El examen de conciencia universal está a las puertas. La acumulación de advertencias sobre su inminencia en revelaciones privadas ya no permite dudar de su cercanía sin desprecio de las leyes de la estadística. Los sucesos eclesiásticos e internacionales que tendrían que preceder al Aviso se encuentran en fases avanzadas de desarrollo, frenados únicamente por una sujeción frágil y en trance de ser, a su vez, ceñida y empujada.
Secundemos a María en la súplica para que este momento cenital de la Misericordia se apresure, por doloroso que resulte. Porque nuestra capacidad de resistencia está comprometida. Necesitaremos toda la fuerza del Espíritu para mantenernos firmes en la fe, en medio de la confusión general, durante la tribulación iniciada.
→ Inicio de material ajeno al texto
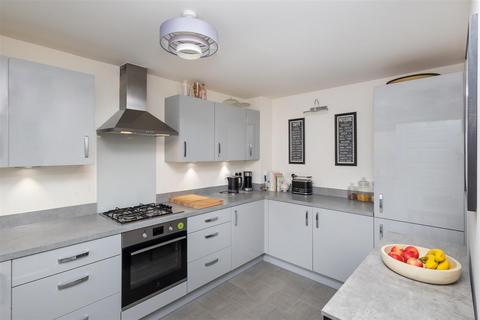 4 bedroom semi-detached house for sale, Welles Avenue, Leeds LS26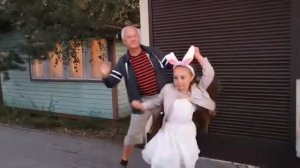 Дедушка танцует с внучкой.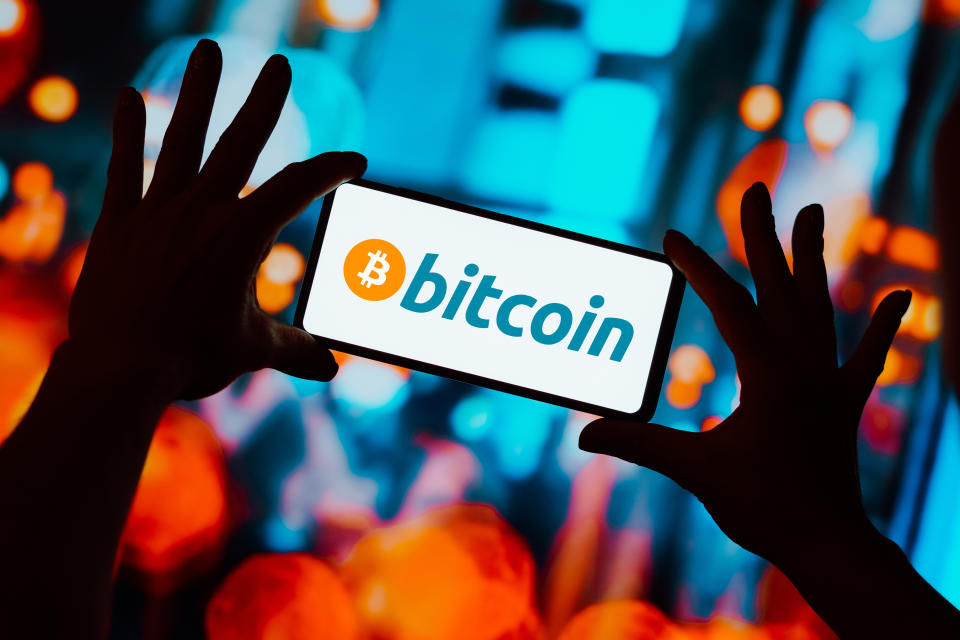BRAZIL - 2023/09/01: In this photo illustration, the Bitcoin logo is displayed on a smartphone screen. (Photo Illustration by Rafael Henrique/SOPA Images/LightRocket via Getty Images)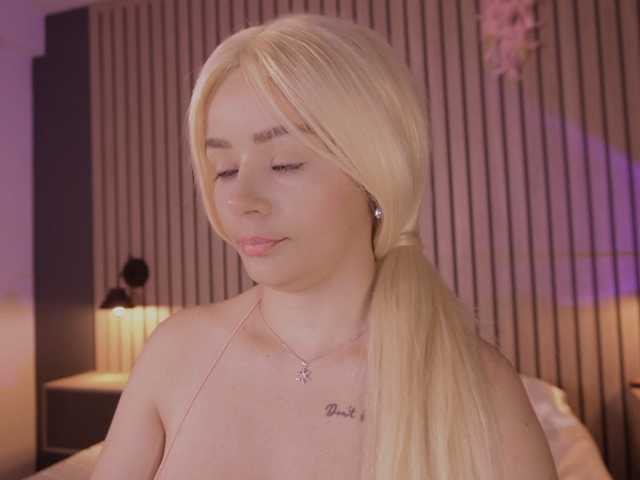 bella-adams live cam on BongaCams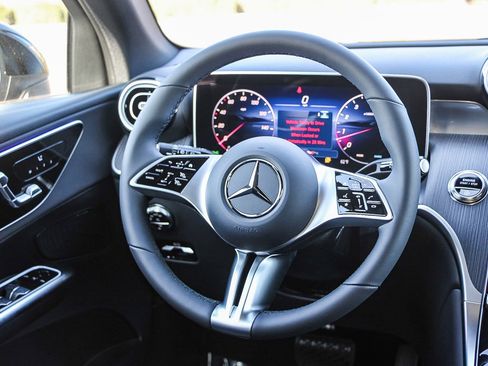 New 2026 Mercedes-Benz GLC 300 4MATIC image 15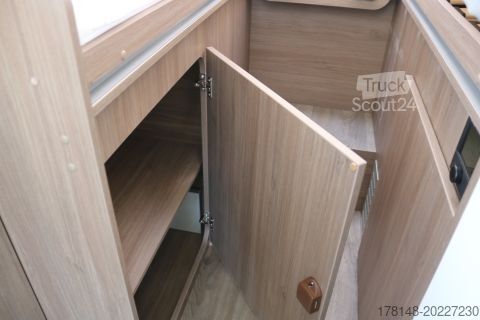 Halvintegreret autocamper Carado VAN V 337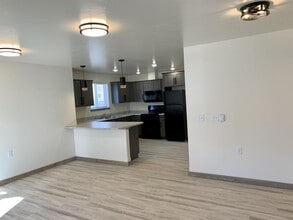 2201 11th Ave in Helena, MT - Building Photo - Building Photo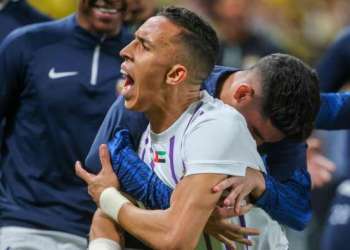أوناحي ورحيمي يقدمان دعماً مالياً للرجاء في أزمته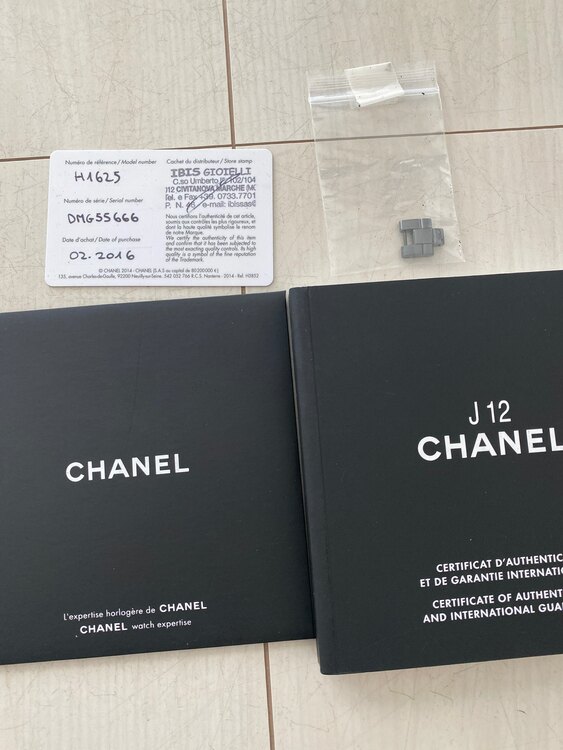 シャネル J12 H162（高級時計）の商品画像 - 査定依頼日：2025年5月21日 - 最高査定価格：350,000円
Cabe recordar, finalmente, la insistencia del Señor a Sta. Faustina acerca de la fecha elegida para la fiesta de su Misericordia: Una octava de Pascua en la cual algunas iglesias orientales, de rito malabar, celebran al apóstol Tomás que les llevó la fe. A ese mismo mellizo cuya incredulidad fue sanada mediante la percepción visible de las llagas de Cristo.